Anyway, on May first we took pen in hand and fired off yet another missive to the Wall Street Journal that we thought just might get through. Since they haven't published it by now, we're assuming that they have no intention of doing so — and, since we hate to waste any of our immortal words (especially when coming up against a deadline), here's the letter as today's posting. So it's a month late . . . .
In Rerum Novarum Leo XIII challenged the belief that the State has responsibility for every citizen's individual good: "There is no need to bring in the State. Man precedes the State, and possesses, prior to the formation of any State, the right of providing for the substance of his body." (§ 7.) His Holiness explained that State provision for the poor "save in extreme cases" (§ 22) is a demand not of justice, but of charity, "a duty not enforced by human law." (Ibid.)
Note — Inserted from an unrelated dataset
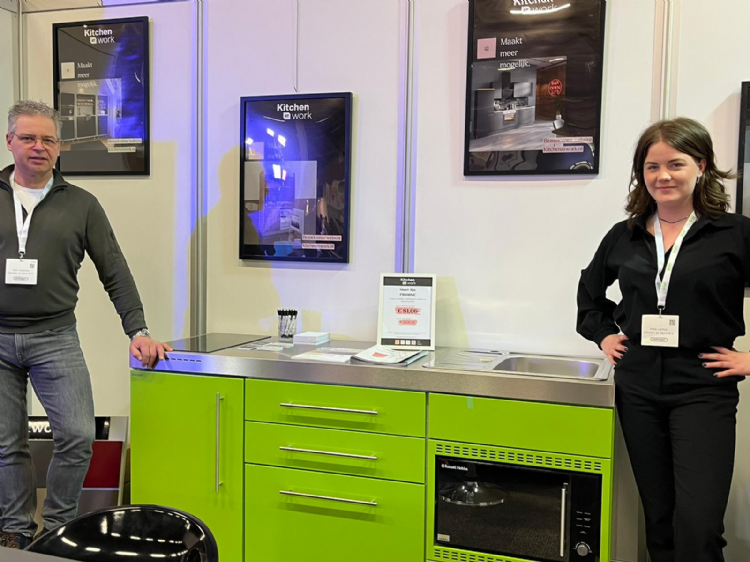 Het bedrijf Kitch at work is nog geen half jaar oud en nu al toe aan haar tweede beurs. Gert Huisman en Nikki Lether bieden keuken aan voor sportaccomodaties mét vaatwassers, voorsorterend op het verbod op wegwerpbekers Het bedrijf Kitch at work is nog geen half jaar oud en nu al toe aan haar tweede beurs. Gert Huisman en Nikki Lether bieden keuken aan voor sportaccomodaties mét vaatwassers, voorsorterend op het verbod op wegwerpbekers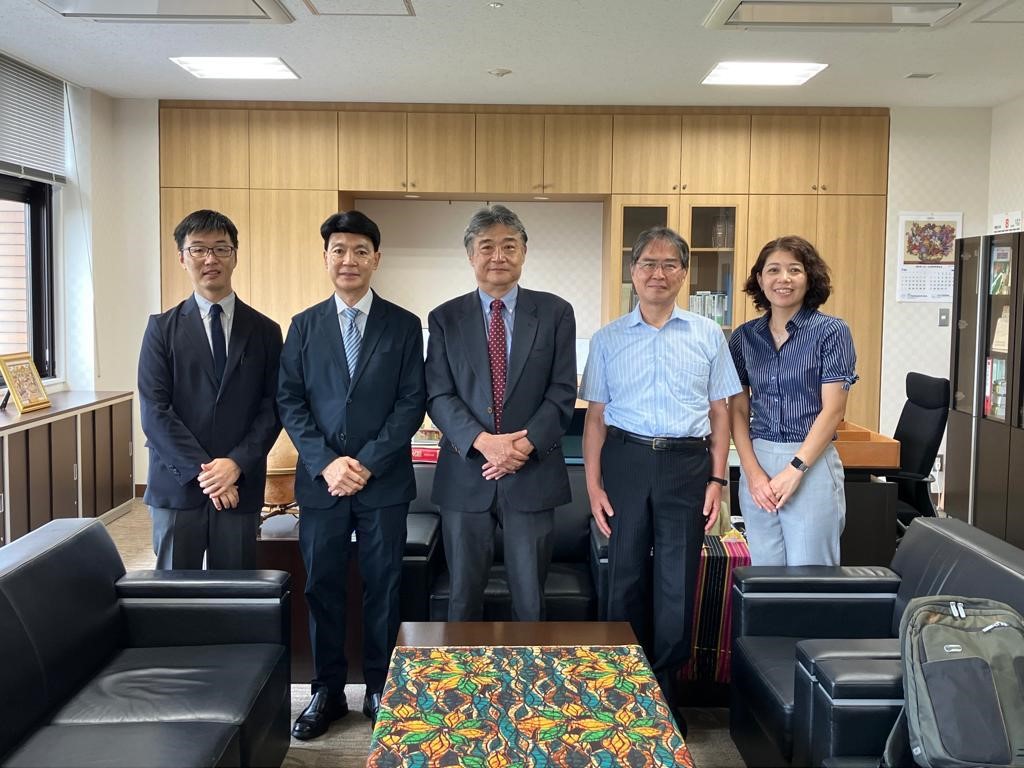 Visit of H.E. Dr. Kamalinne Pinitpuvadol, Secretary General of AALCO to Japan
As William McGurn states in "Paul Ryan's Cross to Bear" (WSJ, 05/01/12, A13), you best help the poor by "breaking down barriers to ownership and opportunity." The pope concurred: "The law . . . should favor ownership, and its policy should be to induce as many as possible of the people to become owners." (RN § 46.)
How to do this is the real question facing Mr. Ryan. Louis O. Kelso and Mortimer Adler proposed in The Capitalist Manifesto (1958) and The New Capitalists (1961) that ownership of new capital be spread out among those who currently own no capital, financing capital acquisition by monetizing the present value of future increases in production, not past cuts in consumption. As the subtitle of the latter book put it, "A Proposal to Free Economic Growth from the Slavery of Savings."
By financing capital acquisition by the poor with "future savings," the rich can be secure in their accumulations of past savings. "Capital Homesteading" is a proposed package of monetary, tax and legal reforms designed to accomplish this goal in a financially sound manner that is also consistent with the social teachings of major faiths and philosophies. Capital Homesteading has the potential to eliminate the basis of "Welfare Blackmail," by means of which people are persuaded to trade their birthright as free citizens for State entitlements and welfare.